Professor of Pure & Applied Mathematics, Trinity College Dublin
Mathematics and Perfection
Ideas and ideals of perfection are found throughout mathematics – in the conception of new theories and in the quest for “elegant” and “beautiful” proofs. A mathematical theorem holds with no obligation or need for validation in the real world. Nevertheless these “perfect” results very often have deep and unexpected applications in our imperfect world. The theoretical physicist, Eugene Wigner captured this in his article The Unreasonable Effectiveness of Mathematics in the Natural Sciences where he wrote “The miracle of the appropriateness of the language of mathematics for the formulation of the laws of physics is a gift we neither understand nor deserve. We should be grateful for it”.
Perfection is often expressed in a desire not just for a true result but also a beautiful one. But what does this mean in mathematics? Essentially a combination of creativity and depth with simplicity and clarity – the same characteristics of beauty in art or music. The remarkable result, mathematician Euler’s identity: eiπ + 1 = 0 is often given as an example of deep mathematical beauty, exposing a profound connection between fundamental numbers: e, i and π, yet expressed in a simple formula.

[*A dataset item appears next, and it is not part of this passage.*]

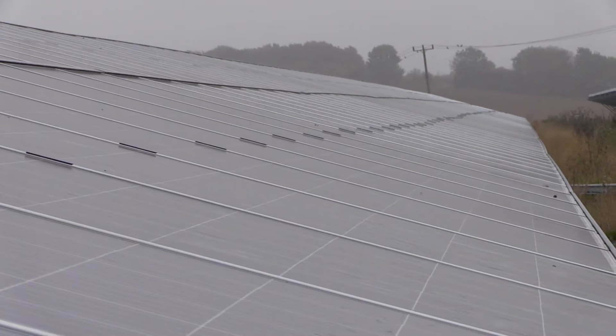The panels behind me — when I first started 10 years ago they would have been 185 watts, and these ones are 315, so you can see the power output that you can get for the same footprint. That's one way that the industry is advancing.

Associate Professor, History Of Art, Trinity College Dublin and Director of Irish Art Research Centre
The circle has a long provenance in art, both as a framing device (a tondo) and as an element within an image. Giorgio Vasari (1511–74) recounted the fable that the artist Giotto (c.1266–1337) attracted the patronage of a Pope when his drawing of a circle, without mechanical aids, was accepted as demonstration of his skill as an artist. The salient element of this legend was recounted in various versions in relation also to other artists, such as Apelles, but the question it raises is why this particular proficiency – the capacity to draw a perfect circle freehand – came to symbolise artistic skill in the first place.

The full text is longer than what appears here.